I got to try a meal at Gusshaus yesterday and it was definitely worth the wait. When I sat down I was greeted with a bowl each of green and black olives, a basket of bread, and a spread that tasted vaguely fishy. (I love fishy-tasting food, so this was a good thing.) I ordered a glass of white wine to go with the meal, and thus the three courses of yumminess began.

Kresseschaumsuppe mit gebratenen Jakobsmuscheln

Kresseschaumsuppe mit gebratenen Jakobsmuscheln

The first course was a bowl of cress “foam” soup with fried scallops. I am not sure exactly what “foam” implies, other than perhaps the soup had neither a clear broth nor a heavy, creamy broth. The scallops were very lightly fried (if at all), and the combination of scallops and cress made for a light and delicious soup.

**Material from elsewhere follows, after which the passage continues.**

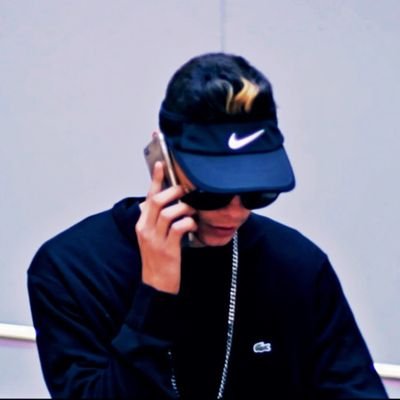 iSdmdj's profile picture. Retired.





💔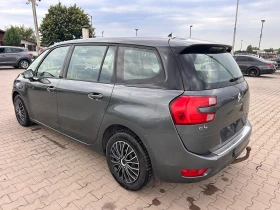 Citroen Grand C4 Picasso 1.6HDI 6+ 1 NAVI EURO 5 - 10900 лв. - 22747405 8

Mit Waldpilzen gefuelltes Tullnerfelder Jungschwein in einer Pfefferrahmsauce mit Gemuesenudeln

Mit Waldpilzen gefuelltes Tullnerfelder Jungschwein in einer Pfefferrahmsauce mit Gemuesenudeln

The main was a pork cutlet with mushroom filling, served atop noodles with grilled vegetables (carrots and zucchini) and covered in pepper-cream sauce. The meat was cooked perfectly medium-rare and was juicy and tender. The cream sauce was surprisingly light and did not overwhelm the vegetables or noodles. In other words, a fantastic main course that didn’t leave me feeling overly full and nasty.

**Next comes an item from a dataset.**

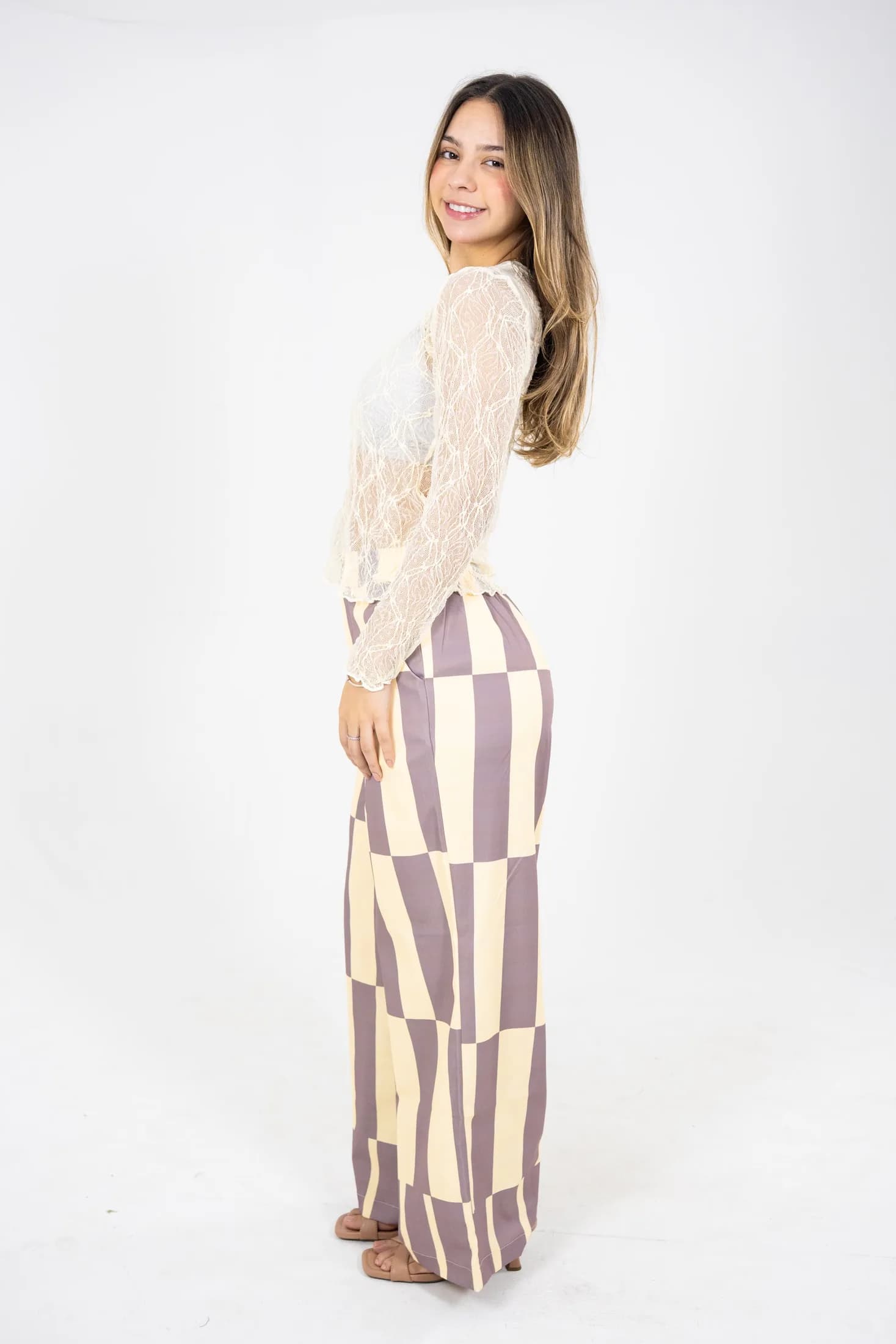 PANTALON DUNA LIRICA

Topfen-nougat-Knoedel auf Fruchtspiegel

Topfen-nougat-Knoedel auf Fruchtspiegel

And a good thing, too, considering this is what was served as dessert. Knoedels along the lines of the apricot ones that I made, except they were filled with a thick, delicious chocolate cream. They were accompanied by a plum compote, strawberry compote, and sugared mint and lavender. I admit the picture is blurry because I might have been too excited about eating these.